A Brief History of Containers

02 Apr 2020 - Richard Horridge

2020-04-02 Thu 12:52

This post is a summary of the talk I gave at Docker Birmingham March 2020 - if you are interested in Docker or container / cloud technologies in general I would encourage you to come along!

Introduction

Why do we want to use containers? They can provide a reproducible environment for running our applications, ensuring that they behave the same way in development as in production. Containers can handle applications with differing versions of libraries, which may otherwise be difficult to install on the same system. Containers also allow independent packages of software to run in isolation from others, which allows a software project to be considered as a number of units rather than as a monolith.

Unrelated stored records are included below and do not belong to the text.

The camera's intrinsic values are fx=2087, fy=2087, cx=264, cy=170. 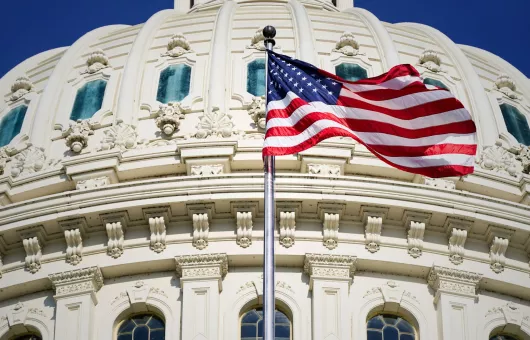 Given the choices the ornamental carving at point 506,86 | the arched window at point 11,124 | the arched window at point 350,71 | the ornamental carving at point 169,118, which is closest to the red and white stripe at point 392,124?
the ornamental carving at point 169,118

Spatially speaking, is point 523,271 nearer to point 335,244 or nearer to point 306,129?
point 335,244

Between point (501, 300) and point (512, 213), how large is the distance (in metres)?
2.08

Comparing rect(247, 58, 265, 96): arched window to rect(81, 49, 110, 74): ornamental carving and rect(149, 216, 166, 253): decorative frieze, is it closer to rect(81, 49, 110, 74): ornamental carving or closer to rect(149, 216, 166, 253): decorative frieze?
rect(81, 49, 110, 74): ornamental carving

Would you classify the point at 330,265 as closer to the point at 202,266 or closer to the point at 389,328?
the point at 389,328

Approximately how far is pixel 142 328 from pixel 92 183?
4.57 meters

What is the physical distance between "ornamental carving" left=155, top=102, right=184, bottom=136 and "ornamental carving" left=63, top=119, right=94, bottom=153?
73.5 inches

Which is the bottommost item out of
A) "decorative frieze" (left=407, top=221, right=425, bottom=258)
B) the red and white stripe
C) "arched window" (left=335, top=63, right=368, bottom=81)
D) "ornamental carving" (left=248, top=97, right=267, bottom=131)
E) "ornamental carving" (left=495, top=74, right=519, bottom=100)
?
the red and white stripe

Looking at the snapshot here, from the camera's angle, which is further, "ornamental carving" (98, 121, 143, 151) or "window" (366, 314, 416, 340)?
"ornamental carving" (98, 121, 143, 151)

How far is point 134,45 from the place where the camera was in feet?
187

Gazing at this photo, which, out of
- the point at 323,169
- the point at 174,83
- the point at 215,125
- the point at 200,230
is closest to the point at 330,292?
the point at 200,230

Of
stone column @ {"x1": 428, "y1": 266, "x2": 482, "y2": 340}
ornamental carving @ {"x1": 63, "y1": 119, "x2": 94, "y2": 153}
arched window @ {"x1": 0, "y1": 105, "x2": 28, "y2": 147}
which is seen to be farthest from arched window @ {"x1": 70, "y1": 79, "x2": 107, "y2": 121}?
stone column @ {"x1": 428, "y1": 266, "x2": 482, "y2": 340}

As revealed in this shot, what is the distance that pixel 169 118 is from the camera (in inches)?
2056

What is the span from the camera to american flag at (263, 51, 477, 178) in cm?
3794

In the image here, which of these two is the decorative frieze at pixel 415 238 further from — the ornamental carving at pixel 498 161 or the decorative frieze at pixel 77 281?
the decorative frieze at pixel 77 281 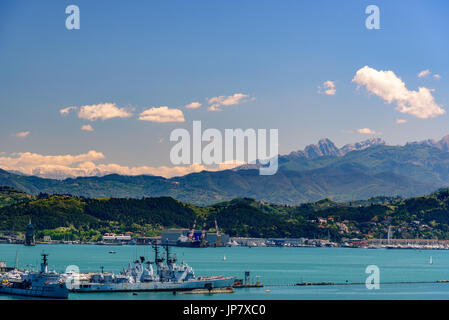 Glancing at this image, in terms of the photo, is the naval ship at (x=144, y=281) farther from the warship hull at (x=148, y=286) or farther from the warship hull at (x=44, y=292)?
the warship hull at (x=44, y=292)

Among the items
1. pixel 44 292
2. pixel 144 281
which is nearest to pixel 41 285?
pixel 44 292

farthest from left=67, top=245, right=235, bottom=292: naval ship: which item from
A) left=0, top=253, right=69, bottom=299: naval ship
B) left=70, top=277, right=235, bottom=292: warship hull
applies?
left=0, top=253, right=69, bottom=299: naval ship

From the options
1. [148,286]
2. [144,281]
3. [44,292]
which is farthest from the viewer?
[144,281]

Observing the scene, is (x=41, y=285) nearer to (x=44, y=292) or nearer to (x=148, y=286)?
(x=44, y=292)

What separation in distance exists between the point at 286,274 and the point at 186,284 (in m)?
36.8

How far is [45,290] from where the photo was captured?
7812 cm

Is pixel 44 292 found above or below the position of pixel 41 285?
below

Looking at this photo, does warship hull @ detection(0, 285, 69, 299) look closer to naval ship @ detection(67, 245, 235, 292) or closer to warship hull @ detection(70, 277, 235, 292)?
naval ship @ detection(67, 245, 235, 292)

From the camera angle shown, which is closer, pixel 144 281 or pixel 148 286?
pixel 148 286

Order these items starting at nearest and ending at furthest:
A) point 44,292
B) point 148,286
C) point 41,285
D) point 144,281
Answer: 1. point 44,292
2. point 41,285
3. point 148,286
4. point 144,281

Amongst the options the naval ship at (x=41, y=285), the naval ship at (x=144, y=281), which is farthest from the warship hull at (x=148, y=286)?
the naval ship at (x=41, y=285)

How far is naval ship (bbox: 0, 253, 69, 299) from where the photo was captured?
77.0 meters

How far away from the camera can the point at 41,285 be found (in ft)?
259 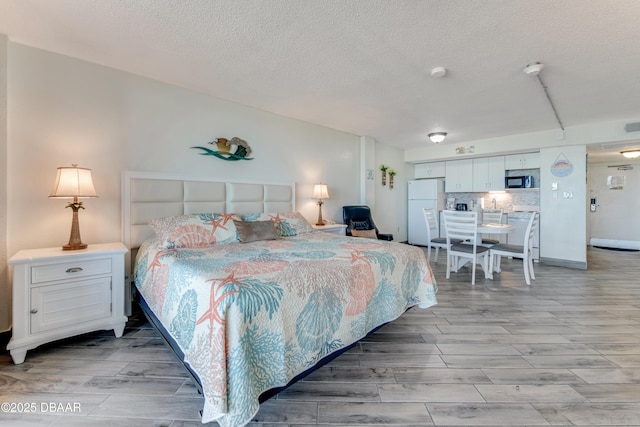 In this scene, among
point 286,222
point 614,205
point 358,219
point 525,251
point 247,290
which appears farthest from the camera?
point 614,205

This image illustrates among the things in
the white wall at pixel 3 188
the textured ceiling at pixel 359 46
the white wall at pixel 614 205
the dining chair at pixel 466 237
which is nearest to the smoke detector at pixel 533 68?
the textured ceiling at pixel 359 46

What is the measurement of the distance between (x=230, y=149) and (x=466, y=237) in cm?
344

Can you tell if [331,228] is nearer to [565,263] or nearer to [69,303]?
[69,303]

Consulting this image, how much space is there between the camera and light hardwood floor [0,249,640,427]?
140cm

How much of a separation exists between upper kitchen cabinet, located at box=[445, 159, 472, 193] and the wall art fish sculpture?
4.72 metres

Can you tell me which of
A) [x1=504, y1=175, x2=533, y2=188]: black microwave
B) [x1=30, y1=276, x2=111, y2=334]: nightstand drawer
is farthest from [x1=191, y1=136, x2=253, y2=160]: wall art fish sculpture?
[x1=504, y1=175, x2=533, y2=188]: black microwave

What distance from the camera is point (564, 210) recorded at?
4.67 metres

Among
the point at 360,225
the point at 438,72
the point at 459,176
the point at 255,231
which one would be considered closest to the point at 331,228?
the point at 360,225

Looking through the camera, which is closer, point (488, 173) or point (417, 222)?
point (488, 173)

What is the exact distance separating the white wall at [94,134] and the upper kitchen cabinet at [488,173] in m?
4.79

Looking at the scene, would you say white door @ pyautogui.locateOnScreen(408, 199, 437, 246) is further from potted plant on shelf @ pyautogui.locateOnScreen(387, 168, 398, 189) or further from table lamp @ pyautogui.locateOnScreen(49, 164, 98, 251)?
table lamp @ pyautogui.locateOnScreen(49, 164, 98, 251)

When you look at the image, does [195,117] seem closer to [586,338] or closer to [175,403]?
[175,403]

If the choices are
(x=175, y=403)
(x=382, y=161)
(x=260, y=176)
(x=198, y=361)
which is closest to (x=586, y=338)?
(x=198, y=361)

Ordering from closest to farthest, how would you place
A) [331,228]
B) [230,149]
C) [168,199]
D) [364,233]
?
[168,199] → [230,149] → [331,228] → [364,233] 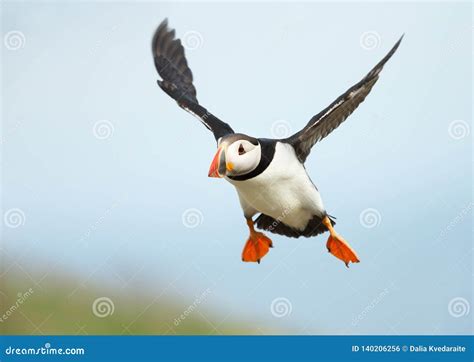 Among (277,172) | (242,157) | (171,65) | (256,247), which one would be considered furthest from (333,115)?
(171,65)

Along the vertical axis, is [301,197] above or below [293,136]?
below

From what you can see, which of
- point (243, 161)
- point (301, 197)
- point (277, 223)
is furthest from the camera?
point (277, 223)

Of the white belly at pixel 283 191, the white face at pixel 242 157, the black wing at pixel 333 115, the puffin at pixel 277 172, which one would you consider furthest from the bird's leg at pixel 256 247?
the white face at pixel 242 157

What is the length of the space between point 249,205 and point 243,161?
Answer: 60 cm

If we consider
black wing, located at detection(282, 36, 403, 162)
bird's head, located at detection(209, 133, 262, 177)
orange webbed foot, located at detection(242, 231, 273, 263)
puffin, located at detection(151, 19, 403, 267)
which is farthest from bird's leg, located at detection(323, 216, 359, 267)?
bird's head, located at detection(209, 133, 262, 177)

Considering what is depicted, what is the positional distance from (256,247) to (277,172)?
896mm

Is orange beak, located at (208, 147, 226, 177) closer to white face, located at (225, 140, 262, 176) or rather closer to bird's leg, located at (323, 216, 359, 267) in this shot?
white face, located at (225, 140, 262, 176)

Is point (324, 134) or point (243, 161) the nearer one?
point (243, 161)

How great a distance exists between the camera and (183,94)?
4957 mm

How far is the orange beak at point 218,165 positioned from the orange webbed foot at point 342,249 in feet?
3.82

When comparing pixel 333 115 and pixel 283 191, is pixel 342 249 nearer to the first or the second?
pixel 283 191

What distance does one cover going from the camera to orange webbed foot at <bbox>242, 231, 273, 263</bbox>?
4.96 metres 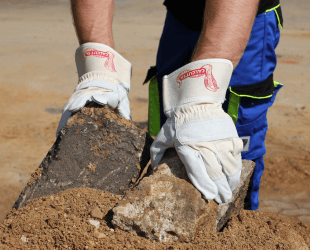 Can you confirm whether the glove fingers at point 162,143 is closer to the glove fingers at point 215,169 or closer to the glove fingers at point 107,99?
the glove fingers at point 215,169

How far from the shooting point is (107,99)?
5.78ft

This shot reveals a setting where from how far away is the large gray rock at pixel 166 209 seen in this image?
4.18ft

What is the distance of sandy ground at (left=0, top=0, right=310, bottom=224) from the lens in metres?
3.28

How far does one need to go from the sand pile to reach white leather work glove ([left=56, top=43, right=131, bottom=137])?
54 cm

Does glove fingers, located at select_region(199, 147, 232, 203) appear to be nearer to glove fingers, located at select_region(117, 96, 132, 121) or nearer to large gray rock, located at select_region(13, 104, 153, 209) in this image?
large gray rock, located at select_region(13, 104, 153, 209)

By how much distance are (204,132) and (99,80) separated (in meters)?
0.82

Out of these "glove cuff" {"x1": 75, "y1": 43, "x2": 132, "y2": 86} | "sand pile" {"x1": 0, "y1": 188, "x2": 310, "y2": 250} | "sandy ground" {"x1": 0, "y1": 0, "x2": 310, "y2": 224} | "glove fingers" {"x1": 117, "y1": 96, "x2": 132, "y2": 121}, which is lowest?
"sandy ground" {"x1": 0, "y1": 0, "x2": 310, "y2": 224}

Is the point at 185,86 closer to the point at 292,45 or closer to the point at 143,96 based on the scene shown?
the point at 143,96

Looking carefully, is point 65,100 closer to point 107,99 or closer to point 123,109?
point 123,109

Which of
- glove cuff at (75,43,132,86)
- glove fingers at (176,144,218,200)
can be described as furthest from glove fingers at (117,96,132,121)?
glove fingers at (176,144,218,200)

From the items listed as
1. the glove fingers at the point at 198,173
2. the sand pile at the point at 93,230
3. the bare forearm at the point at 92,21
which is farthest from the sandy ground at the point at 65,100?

Shared and Static Libraries

Libraries that the postgres binary depends upon

As an example, consider dynamic libraries. Each of these files contains functions that can be used by many different applications. However, different applications may depend on different versions of a library and installing them together may not work well.

ICU is for Unicode
LibC is fairly self-explanatory
libstdc++ - C++ standard library
Libresolv is for DNS queries
libssl / libcrypto
libxml2
libpam for authentication
librt - POSIX realtime extension
libdl - dynamic linking (mostly unused as it is in libc)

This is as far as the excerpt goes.